▶ _Assignment_: The full listing, word for word and free of images, is the expected result.
━━━━━━━━━━━━━━━━━━━━━━━━━━━━━━
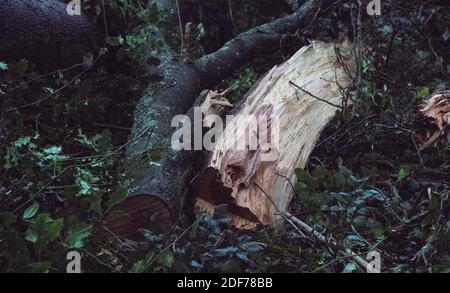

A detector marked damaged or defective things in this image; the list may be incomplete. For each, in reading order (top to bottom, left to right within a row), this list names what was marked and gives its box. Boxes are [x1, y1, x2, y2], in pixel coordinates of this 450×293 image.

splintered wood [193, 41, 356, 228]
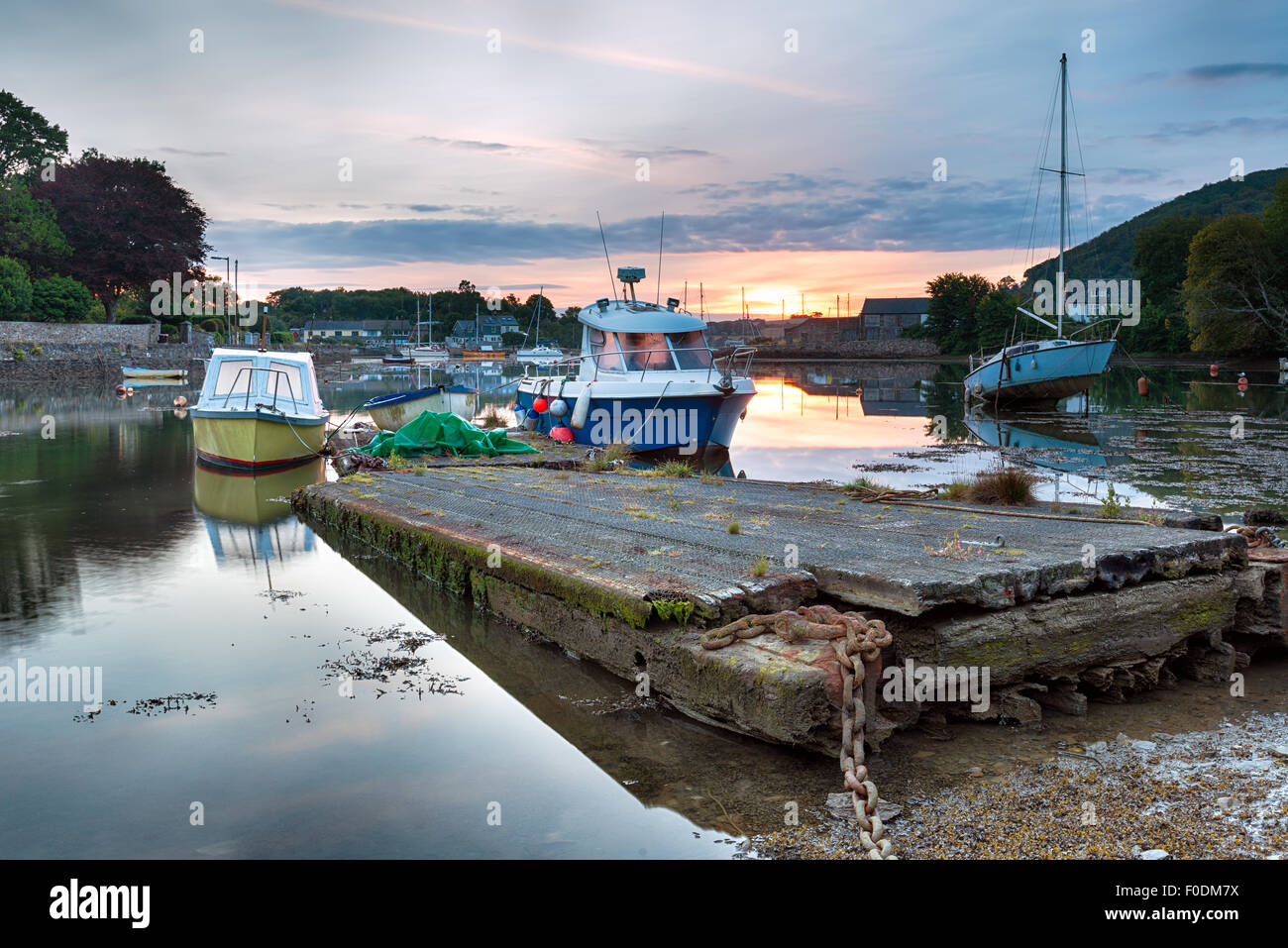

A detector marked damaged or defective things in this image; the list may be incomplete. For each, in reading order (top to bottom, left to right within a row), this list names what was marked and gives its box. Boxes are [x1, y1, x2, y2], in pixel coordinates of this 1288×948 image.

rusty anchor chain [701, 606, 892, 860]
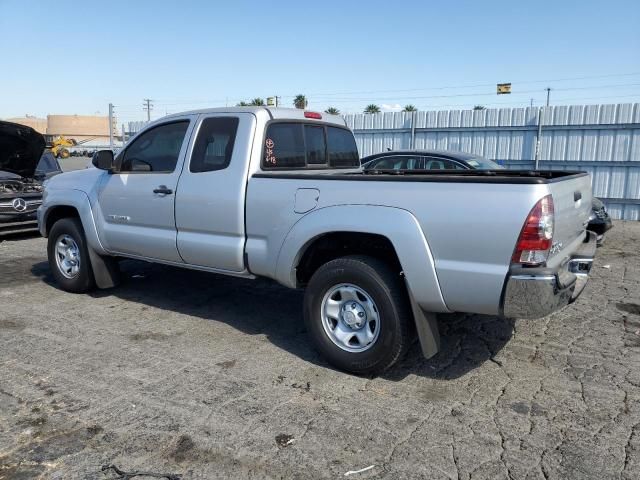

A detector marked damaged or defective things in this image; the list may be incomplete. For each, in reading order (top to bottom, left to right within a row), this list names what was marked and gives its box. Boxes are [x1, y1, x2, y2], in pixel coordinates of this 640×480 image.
━━━━━━━━━━━━━━━━━━━━━━━━━━━━━━
▶ _Response to this task_:
A detector marked damaged or defective things in this image; the list may be incomplete. For each, in reading order (top to bottom, left to right within a row), this list names what was marked and gives its box. Boxes are [x1, y1, x2, y2], in pixel coordinates of this 450×293 image.

splintered wood [193, 41, 356, 228]

A detector marked damaged or defective things in this image; the list may be incomplete. For each, in reading order (top to bottom, left to right within a row), this list names what was marked and gives its box. Boxes are [x1, y1, x2, y2], in pixel coordinates of this 1288×948 image.

rusty anchor chain [701, 606, 892, 860]

A detector marked damaged or defective things in this image; the list may be incomplete. For each, in reading order (top to bottom, left to right within a row), this list names what was marked and gives its box. Boxes are [x1, y1, x2, y2], in pixel coordinates of this 640×480 image.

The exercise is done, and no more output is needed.